His derivative is not correct, it should be: f'(x) = -(x^2 + 1) / (x^2 -1) ^2.

That makes sense considering that the function is decreasing over its entire domain.

 

[agv567]

Oh yes, I'm sorry. I had it written down correctly but I typed it incorrectly by adding a parentheses.

It should be -(x^2 + 1) / (X^2-1) ^2

Now when I set it equal to zero, I get X=-1, which does not exist. How would I tell that it was decreasing over the entire domain then without graphing?

 

[SammyS]

For what value of x is x² + 1 = 0 ?

That would require that x = -1. !

Added in Edit:

That was a typo

Should have said: That would require that x² = -1. !

 

[agv567]

But it's not X^2 + 1 = 0...

It's -X^2 -1 = 0, so X^2 = -1...which does not exist.
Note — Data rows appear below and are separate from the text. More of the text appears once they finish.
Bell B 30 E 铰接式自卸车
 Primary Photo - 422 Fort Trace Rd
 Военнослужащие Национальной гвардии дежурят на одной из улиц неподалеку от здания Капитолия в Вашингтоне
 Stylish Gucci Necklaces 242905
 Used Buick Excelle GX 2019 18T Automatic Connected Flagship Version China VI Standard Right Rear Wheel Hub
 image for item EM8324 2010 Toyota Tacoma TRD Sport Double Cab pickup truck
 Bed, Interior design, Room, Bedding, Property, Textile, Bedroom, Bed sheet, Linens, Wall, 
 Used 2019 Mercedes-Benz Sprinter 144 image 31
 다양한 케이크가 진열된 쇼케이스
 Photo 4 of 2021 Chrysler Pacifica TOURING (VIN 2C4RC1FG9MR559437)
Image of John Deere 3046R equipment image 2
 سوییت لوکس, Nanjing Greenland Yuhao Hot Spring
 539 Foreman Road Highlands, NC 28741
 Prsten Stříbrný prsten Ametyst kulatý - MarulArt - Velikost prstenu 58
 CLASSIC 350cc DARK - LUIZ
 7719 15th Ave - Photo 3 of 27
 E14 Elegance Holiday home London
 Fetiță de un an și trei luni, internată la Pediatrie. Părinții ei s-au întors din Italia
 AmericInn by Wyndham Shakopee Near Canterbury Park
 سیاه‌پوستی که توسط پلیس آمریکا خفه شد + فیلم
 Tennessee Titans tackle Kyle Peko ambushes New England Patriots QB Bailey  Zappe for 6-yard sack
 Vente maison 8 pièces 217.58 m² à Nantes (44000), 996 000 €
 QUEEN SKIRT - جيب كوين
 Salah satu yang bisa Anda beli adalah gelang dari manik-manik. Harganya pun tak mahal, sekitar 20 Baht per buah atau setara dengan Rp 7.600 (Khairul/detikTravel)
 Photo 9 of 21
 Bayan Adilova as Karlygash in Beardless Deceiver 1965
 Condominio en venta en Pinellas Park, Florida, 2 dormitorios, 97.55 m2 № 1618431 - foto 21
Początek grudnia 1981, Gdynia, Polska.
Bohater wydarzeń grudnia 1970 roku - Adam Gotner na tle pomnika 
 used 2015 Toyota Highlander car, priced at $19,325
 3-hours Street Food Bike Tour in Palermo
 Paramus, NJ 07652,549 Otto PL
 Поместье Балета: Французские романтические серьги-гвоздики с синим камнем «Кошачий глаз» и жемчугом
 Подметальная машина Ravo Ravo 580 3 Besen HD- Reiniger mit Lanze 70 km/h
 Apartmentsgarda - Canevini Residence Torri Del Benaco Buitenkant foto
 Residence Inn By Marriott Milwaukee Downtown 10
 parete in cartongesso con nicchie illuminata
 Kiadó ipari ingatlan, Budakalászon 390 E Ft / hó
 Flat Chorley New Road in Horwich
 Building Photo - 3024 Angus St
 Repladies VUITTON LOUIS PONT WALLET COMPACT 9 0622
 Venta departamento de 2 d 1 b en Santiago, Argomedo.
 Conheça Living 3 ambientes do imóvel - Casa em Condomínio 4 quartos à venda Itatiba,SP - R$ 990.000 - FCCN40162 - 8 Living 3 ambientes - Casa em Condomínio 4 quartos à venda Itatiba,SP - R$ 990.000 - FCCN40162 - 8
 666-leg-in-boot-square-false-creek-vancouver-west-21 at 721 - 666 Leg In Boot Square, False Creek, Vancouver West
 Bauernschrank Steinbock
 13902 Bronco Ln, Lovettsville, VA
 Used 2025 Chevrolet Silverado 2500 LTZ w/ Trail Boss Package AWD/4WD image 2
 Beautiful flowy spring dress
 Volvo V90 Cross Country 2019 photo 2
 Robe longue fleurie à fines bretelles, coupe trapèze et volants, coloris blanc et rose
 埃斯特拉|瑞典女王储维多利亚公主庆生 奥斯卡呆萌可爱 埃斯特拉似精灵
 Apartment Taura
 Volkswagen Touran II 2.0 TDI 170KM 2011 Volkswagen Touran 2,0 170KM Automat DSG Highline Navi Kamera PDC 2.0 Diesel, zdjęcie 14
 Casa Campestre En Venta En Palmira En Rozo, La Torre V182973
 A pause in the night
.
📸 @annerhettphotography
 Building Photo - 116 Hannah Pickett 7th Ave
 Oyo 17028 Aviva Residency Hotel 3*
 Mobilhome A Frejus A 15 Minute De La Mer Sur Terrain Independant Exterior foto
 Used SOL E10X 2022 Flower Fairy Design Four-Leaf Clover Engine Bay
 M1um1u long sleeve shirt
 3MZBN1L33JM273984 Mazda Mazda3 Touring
How would I tell that it was decreasing w/o a calculator?

 

[Poopsilon]

The fact that the derivative is never equal to zero tells you that it must either always be decreasing or always increasing. Thus you need only look at the derivative at any point where it exists and if it's negative you know the original function is decreasing at that point and thus must be decreasing everywhere.

Edit: Also X^2 + 1 = 0 and -X^2 - 1 = 0 are the exact same equation, just move the terms to the other side of the equals sign.

Remember the derivative tells you the slope of the line at any point at which it's defined, the reason its zeros are of particular interest is because when it comes to differentiable functions if the function is going to switch from decreasing to increasing or visa-versa the derivative will be zero right when that switch happens. For instance draw the graph of f(x) = x^2, and then start drawing some tangent lines at various points, notice that your tangent line right at the point where the graph stops going down and starts going up will be flat, and thus have slope equal to zero.